(Saved data entries)
-------------------------

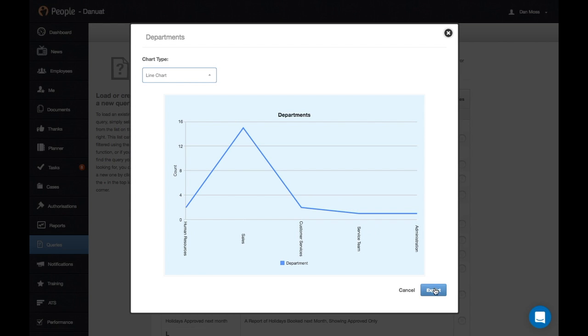A handy option you have is to export this, which can then be used in any further meetings. We can also publish this to the news as well.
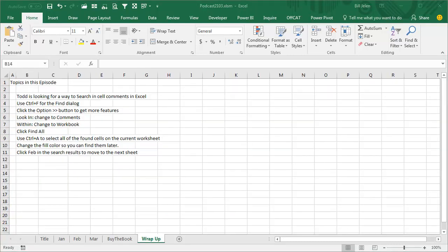Alright, episode recap. Todd is looking for a way to search in cell comments in Excel. It's already built in. Use Ctrl F for the Find dialog. Click the Options button to get to more features. In the Look In drop-down, change to Comments.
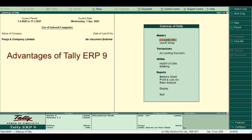Tally Audit is a new feature. It allows users to verify, validate and accept accounting information based on the masters, users and voucher transactions.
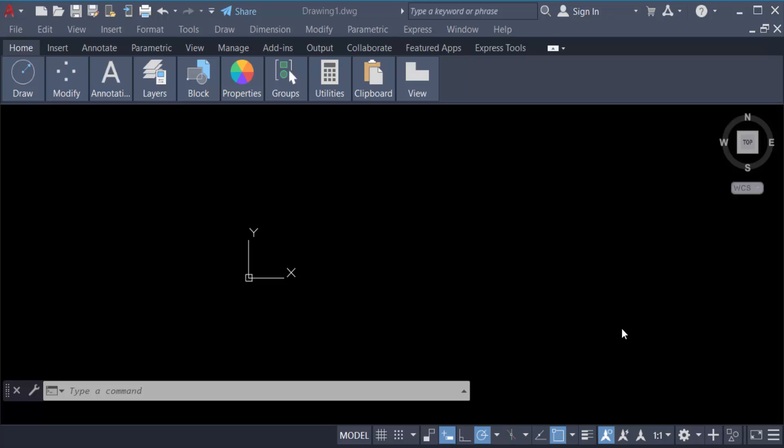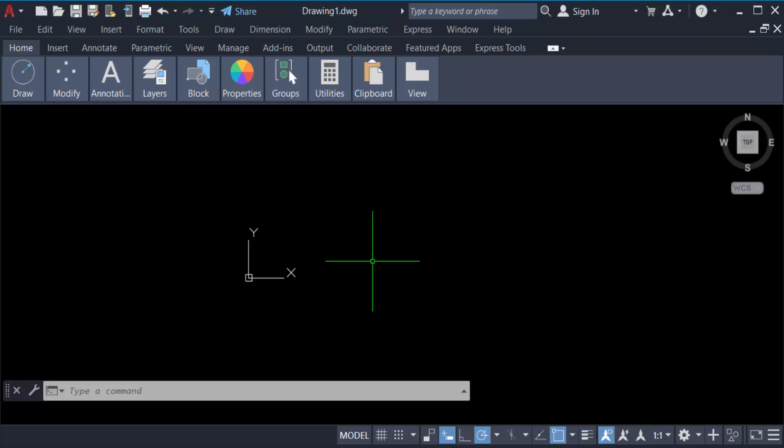Hello everyone, assalamualaikum. In this tutorial today I'll show you how to draw a circle in AutoCAD using circumference and area. So let's get started. I open AutoCAD 2022 and now firstly I create a circle, so go to here.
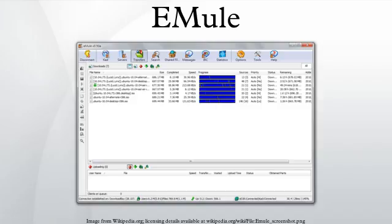Basic Concepts: Each file that is shared using eMule is hashed as a hash list comprising separate 9500 kilobyte chunks using the MD4 algorithm.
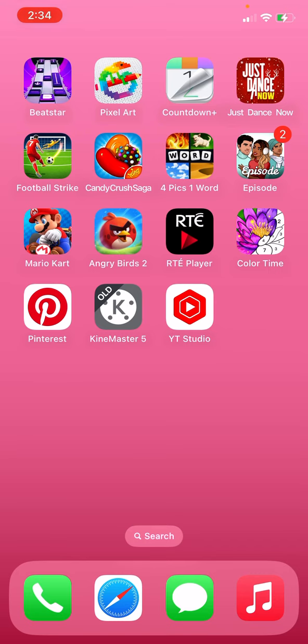Episode, Mario Kart, Angry Birds, RTE Player, and Color Time.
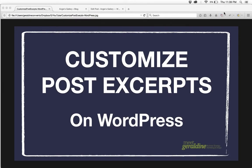This is a tutorial on how to customize post excerpts on WordPress. Now what does that mean?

-------------------------

Take the data above and repeat it exactly, leaving each picture out.

**REPLY:**
A handy option you have is to export this, which can then be used in any further meetings. We can also publish this to the news as well.
Alright, episode recap. Todd is looking for a way to search in cell comments in Excel. It's already built in. Use Ctrl F for the Find dialog. Click the Options button to get to more features. In the Look In drop-down, change to Comments.
Tally Audit is a new feature. It allows users to verify, validate and accept accounting information based on the masters, users and voucher transactions.
Hello everyone, assalamualaikum. In this tutorial today I'll show you how to draw a circle in AutoCAD using circumference and area. So let's get started. I open AutoCAD 2022 and now firstly I create a circle, so go to here.
Basic Concepts: Each file that is shared using eMule is hashed as a hash list comprising separate 9500 kilobyte chunks using the MD4 algorithm.
Episode, Mario Kart, Angry Birds, RTE Player, and Color Time.
This is a tutorial on how to customize post excerpts on WordPress. Now what does that mean?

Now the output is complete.